Overall, the models performed better than random, but more poorly than I expected:

Model Validation loss Epoch Comment
cnn 0.24 22
cnn lstm 0.38 164
lstm 0.36 91 Noisy loss over time graph

It would appear that good ol' fashioned CNN models not only outperformed the LSTM model, but also outperformed a CNN / LSTM combo model. In the future, it would be great to look at bi-directional LSTM models, or a CNN model with a much shallower LSTM layer following it.

Future work

In addition to trying additional architectures and a more robust grid search of learning rates / optimizers, it would be interesting to compare these character level results with word level results.

Additionally, it could be fun to look at a smaller time window; the 400 day window I looked at for this work actually a minor Star Wars movie and a major Star Wars movie. Additionally, it included a long period where there wasn't much new content to be spoiled. A more appropriate approach might be to train one model per spoiler heavy event, such as a single new film or book.

Moreover, the r/StarWars subreddit has a fairly unique device for tagging spoiler text within a post, utilizing a span tag. During a coffee chat, John Bohannon suggested it could be possible to summarize a movie from spoilers about it. This idea could take some work, but it seems readily feasible. I might propose a pipeline like:

  • Extract spoiler spans from posts. These will be sentence length strings containing some spoiler
  • Filter down to spoilers about a single movie
  • Aggregate spoilers into a synopsis

Resources

As always, code and data are available on GitHub, at https://github.com/bjherger/spoilers_model.
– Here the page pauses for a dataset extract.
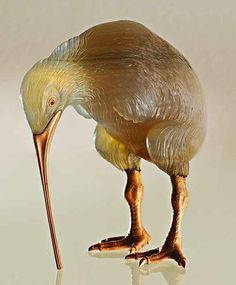 an image of a bird that is bending down with its head in the water and it's long legs sticking out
Just remember, the best feature requests come as PRs.

Update

After the original post, I did a second pass at this project to dive a little deeper:

  • LSTM dropout: Using dropout before an LSTM layer didn't quite make sense, and so I removed it. The LSTM models loss and validation loss both improved drastically.
  • Accuracy metric: It's much easier to evaluate a model when you've got the right metrics handy. I should probably add AUC as well...
  • Bi-directional LSTM: Bi-directional LSTMs have been used to better represent text inputs. Utilizing a bi-directional LSTM performed roughly as well as a single, forward, LSTM layer.
  • Data issues: Looking at the original data set, it would appear that a significant portion are submissions with an image in the body, and no text. This could lead to cases where the model has insufficient data to make an informed inference.